A common pattern is to have two loci, S and R, such that alleles S₁ and R₁ function normally, but allele S₂ produces a compound that kills sperm carrying allele R₁ but not those carrying R₂. (Note that this only happens in males).

In the figure above, S₂ and R₂ are each at frequency 0.5.

Note that if the loci are in gametic equilibrium, then the S₂ allele kills as many S₂ bearing sperm as S₁ bearing sperm. It thus gains no advantage over S₁.
By contrast, if S and R are in gametic disequilibrium such that S₂ and R₂ are usually found together, then S₂ kills primarily S₁ along with R₁, so the S₂R₂ combination increases in frequency.

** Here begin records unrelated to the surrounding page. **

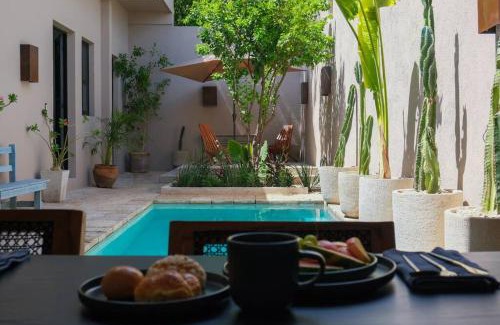 Centro House | Casa Lirios - Luxury Colonial Villa in Mérida Centro with Pool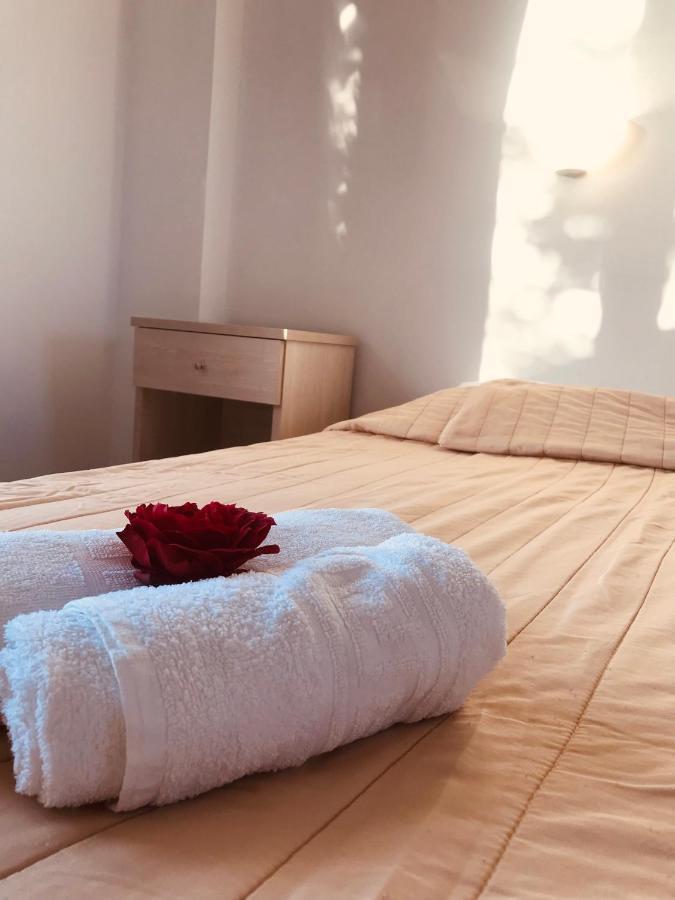 Banos Apartments And Swimming Pool روذا المظهر الخارجي الصورة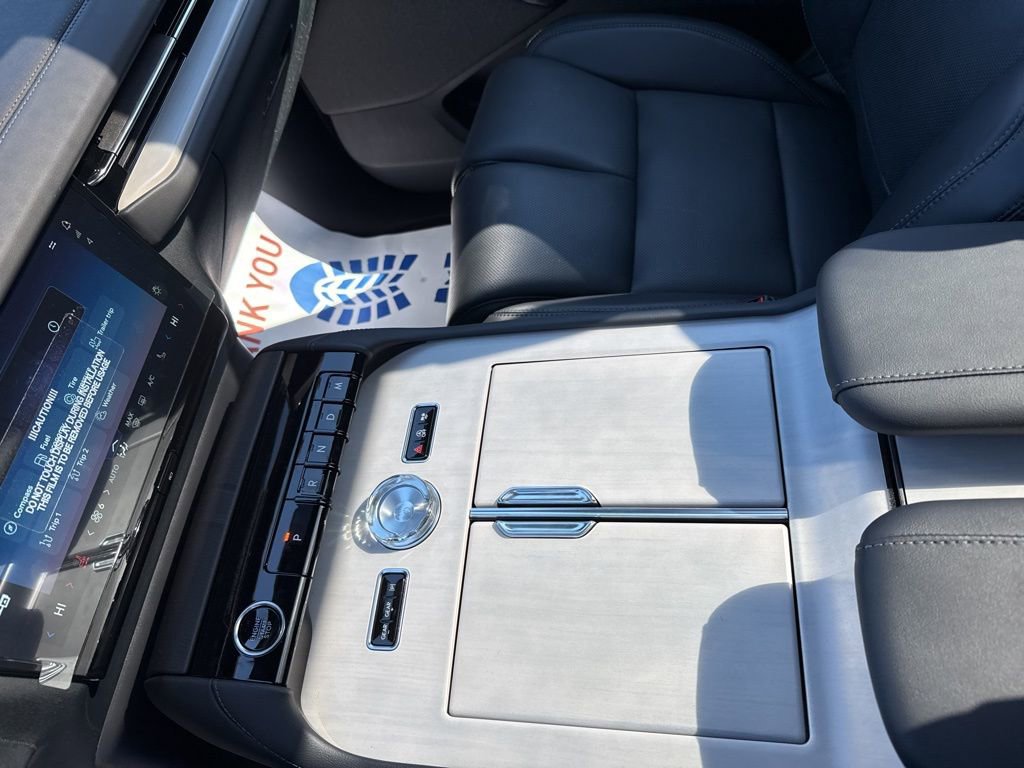 New 2026 Lincoln Navigator L Reserve AWD/4WD image 31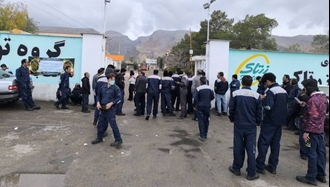 تجمع اعتراضی کارکنان شرکت تولیدی وردار زرتاک در کوار فارس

This process reduces the fitness of the individual organism in which these alleles are found, since it reduces the number of gametes produced.
This thus represents another example of selection acting directly at the level of genes, rather than genotypes.

Evolution of Development

Phenotypic traits do not just appear in organisms, they develop through complex interactions between genes, gene products, tissues, and the physical environment.

Development is relevant to evolution because it determines how genetic variation translates into phenotypic variation; and thus determines what selection has to work with.

For example, much evolution within the Arthropods has involved modification of different segments and the appendages on them.
The genetic control of segment identity in arthropods facilitates this sort of differentiation.

Homeobox containing genes
Include Hox genes associated with anterior-posterior positional information in metazoans.

First discovered in insects through mutations that alter the identity of segments.

Examples:

• Bithorax - mutation converts halteres into 2^nd pair of wings in Dipterans.
• Antennapedia - mutation converts antennae into legs.